W biurze byłam 6.14 !!!!

Mam nadzieję, że nikt nie dzwonił do mnie w tym czasie..... :PP

Mamy takiego jednego nawiedzonego kierowniczka, co to lubi czasem kontrolować 6.00 !!!!


ale ja już w tym tygodniu byłam kontrolowana:

6.01: "cześć, co słychać, dawno się nie odzywałaś" - i, uwierzcie, to nie ma nic wspólnego z troską o mnie!! To jest człowieczek od którego nie jestem zależna bezpośrednio, ale jest najbliższym współpracownikiem/zastępcą mojego szefa. W dodatku lubi podsrywać jak ktoś coś zrobi nie tak jak by on sobie to wyimaginował.....

Jutro muszę sobie zmienić dźwięk budzika i chyba trochę podgłośnić, bo na 10.00 jedziemy do Katowic do "Bazy" i muszę się odpowiednio ubrać, uczesać, jakiś mały makijaż zrobić....

A na to na pewno mi trzy minuty nie wystarczą ;)

Jestem pracownikiem biurowym, ale technicznym, więc nie zawsze mam szykowne kozaczki i garsoneczkę. Jedziemy do "krawaciarzy", więc moje czarne dżinsy i sweterek byłby mało reprezentacyjny, a i makijaż nie zawsze mam ochotę zrobić....

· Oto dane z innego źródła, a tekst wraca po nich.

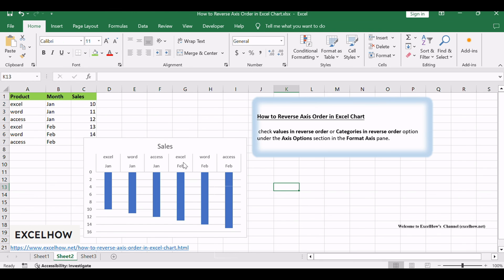Thank you for joining us in this Excel tutorial on reversing axis order in your charts. If you found this helpful, subscribe for more tips. Thanks for watching.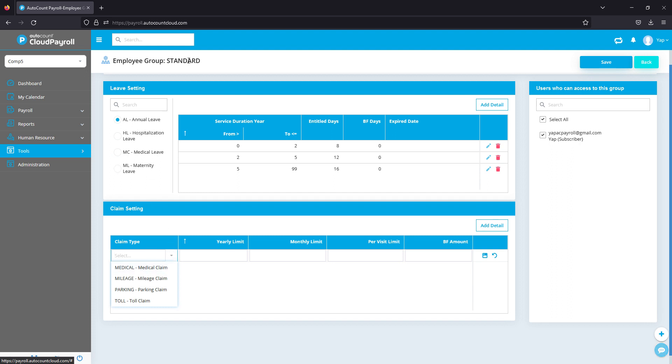Now we are here, we can go over to Claim and we can key in the details. For example, these standard employees, they are only entitled to mileage claim. Next, you can key in the limits.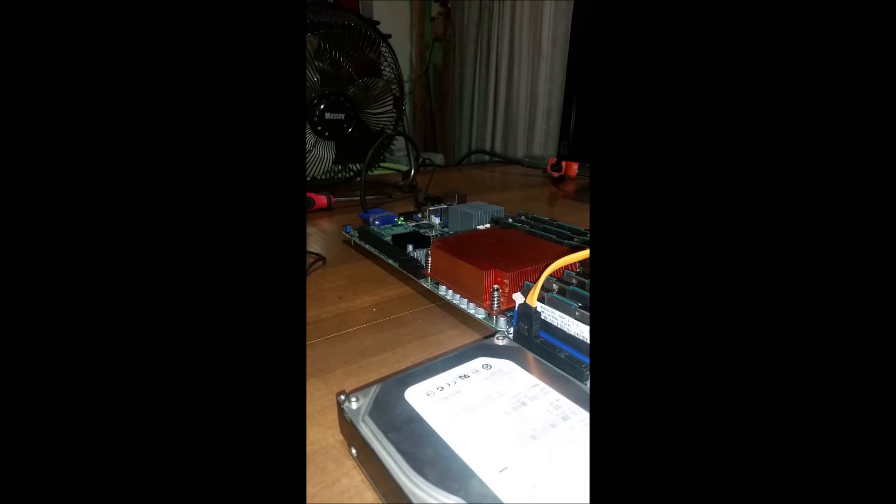All right, so I got this motherboard and a couple things we want to note before we get started here is it is not sitting on the table. There are screws on it and risers.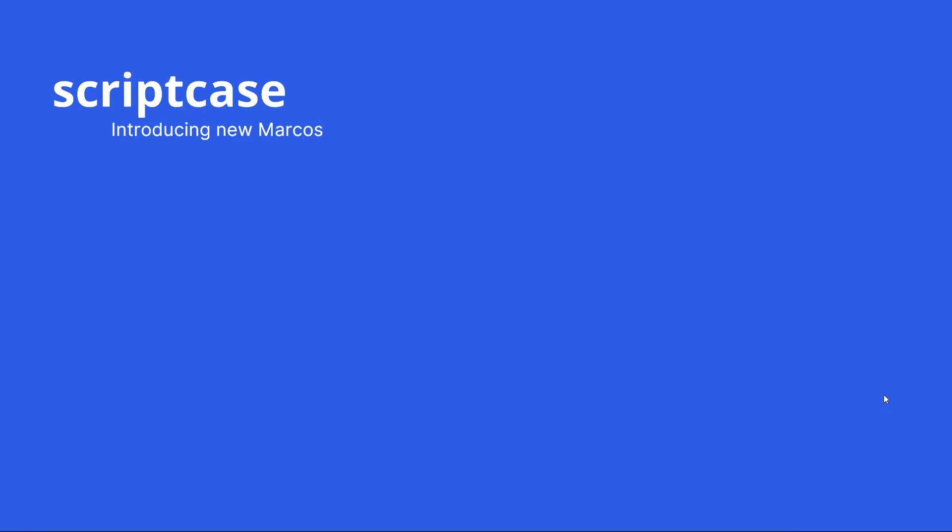Hello and welcome back to another Scriptcase tutorial. Today we're going to talk about two new macros within Scriptcase in order to hide the footer and the header of the main Scriptcase applications.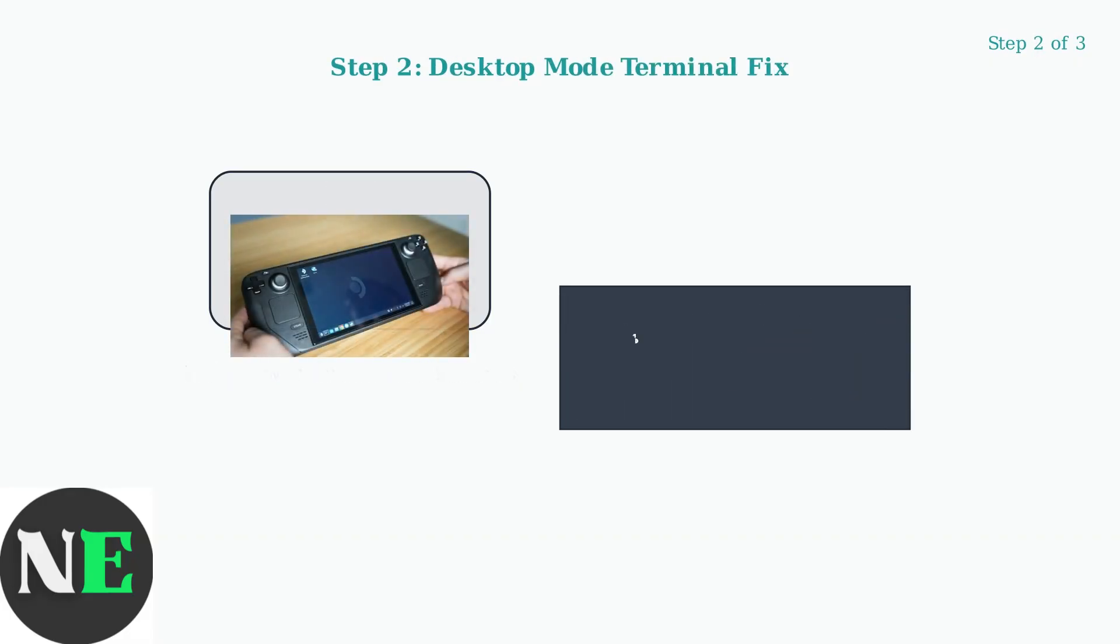Next, boot into desktop mode. Open the terminal application and enter the command PulseAudio-K, then PulseAudio-Dash-Start.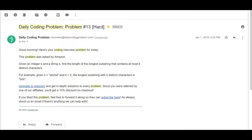The problem description is: given k and a string s, find the length of the longest substring that contains at most k distinct characters. For example, given s equal to 'abcba' and k equal to 2, the longest substring with k distinct characters is 'bcb'. If you're given a string and all you want to do is find the longest continuous substring which has at most k distinct characters, and if k is equal to 2, the longest substring you can build is 'bcb'.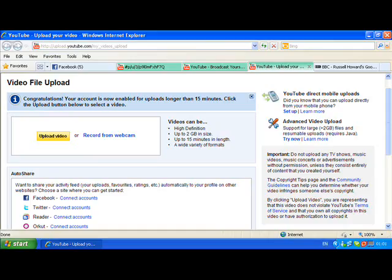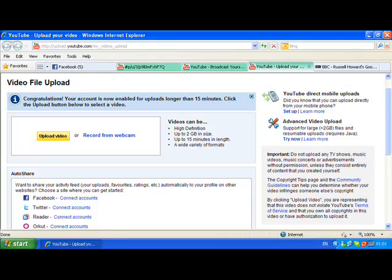I mean, are you serious? Are you seriously saying that I can upload videos longer than 15 minutes?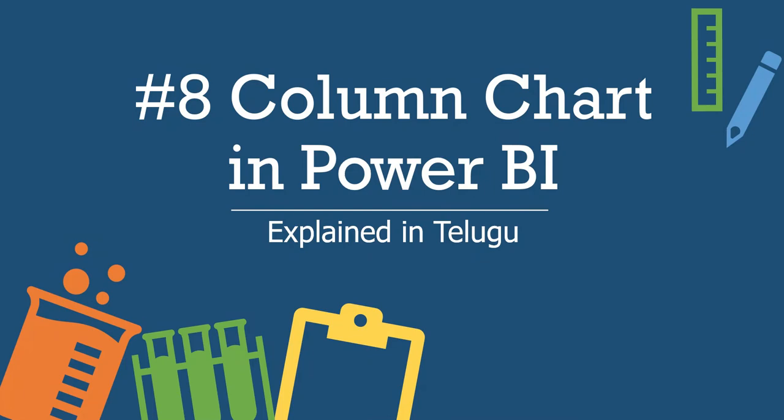Hi hello guys and welcome back to the channel. Power BI visuals series, this is the 8th video - Column Chart in Power BI. This is one of the mostly frequently used charts in Power BI, and not only in Power BI but in the real world.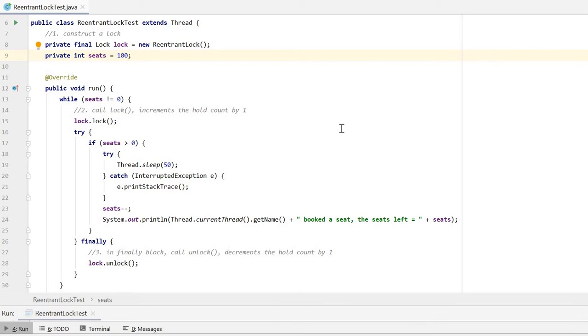Here we have 100 seats that can be booked through two booking stations, that is two threads. One seat can only be booked by one station. We can use ReentrantLock to achieve this.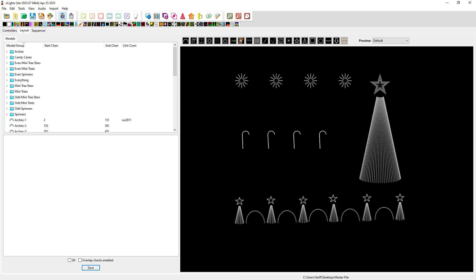What is the master view? The master view is a listing — it shows the groups and models that are available for any sequence, but more importantly it determines the render order. Let me show you where we're at and I can give you an example of how it affects things.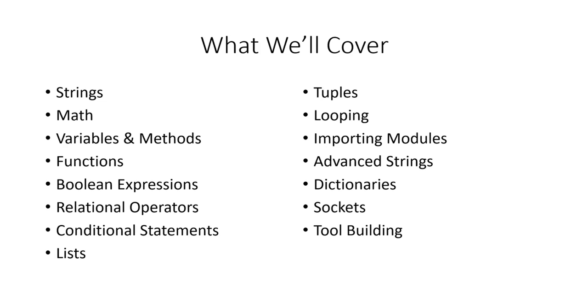So we'll cover everything you see on this screen here: strings, math, functions, we're going to get into conditional statements and looping, we'll get into some more advanced items, and eventually we're going to build our own tools.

Waga dzisiejsza bez zmian = 84,4 kg

Śniadanko zjedzone: tosty pełnoziarniste z tuńczykiem, cukinią, cebulką i serem żółtym - zapiekane 8 minut.

Na drugie śniadanie mam jogurt naturalny z pomarańczą i otrębami;

Na obiad makaron z sosem szpinakowo-jogurtowym, posypany orzechami.

Kolacja to sałatka z jajka, szczypiorku, papryki, rzodkiewki, jogurtu z przyprawami.


Buziolki.....

  • mesaya

    mesaya

    17 grudnia 2015, 20:42

    Wprawdzie nie zaspalam ale dzisiaj cały dzień chodzę jak nieprzytomna. Widocznie coś dzisiaj złego działo się z ciśnieniem. Jutro będzie lepszy dzień:))

  • moderno

    moderno

    17 grudnia 2015, 18:29

    Też dziś zaspałam . Rzadko mi się to zdarza . Pozdrawiam

  • czarodziejka10

    czarodziejka10

    17 grudnia 2015, 15:43

    O 5:30 to ja mogę wstawać w lecie , teraz to środek nocy

  • agnes315

    agnes315

    17 grudnia 2015, 11:01

    Chyba bym umarła, jakbym miała na 6 do pracy chodzić! ja wstaję o 7.30 i to mam trudności :)))))) Buziaki :)* P.S. I zrób się na bóstwo do tych krawaciarzy, żebyśmy się nie musiały wstydzić za koleżankę :)))

  • coconue

    coconue

    17 grudnia 2015, 08:16

    Ja mam udtaeiony tak budzik zr dzwoni mi co 5 min.

  • Magdalena762013

    Magdalena762013

    17 grudnia 2015, 07:24

    A ja o 6stej mocno spie... A Ty juz zwykle pracujesz lub parkujesz lub jestes sprawdzana lub podrywana. Ale sie u Ciebie dzieje... Milego dnia jutro u krawaciarzy (podoba mi sie to okreslenie).